#### INSTRUCTIONS TO FOLLOW
The answer must be every line of the records below that contains the word "with", copied out.
===== EXERCISE INPUT =====
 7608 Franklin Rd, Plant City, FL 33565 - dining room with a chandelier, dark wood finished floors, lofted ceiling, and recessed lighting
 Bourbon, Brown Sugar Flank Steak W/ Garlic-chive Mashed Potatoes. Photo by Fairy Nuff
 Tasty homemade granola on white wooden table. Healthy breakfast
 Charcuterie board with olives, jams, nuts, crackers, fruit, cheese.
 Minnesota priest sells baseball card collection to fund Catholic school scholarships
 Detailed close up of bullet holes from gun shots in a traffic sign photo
=====
#### RESULT OF THE EXERCISE
 7608 Franklin Rd, Plant City, FL 33565 - dining room with a chandelier, dark wood finished floors, lofted ceiling, and recessed lighting
 Charcuterie board with olives, jams, nuts, crackers, fruit, cheese.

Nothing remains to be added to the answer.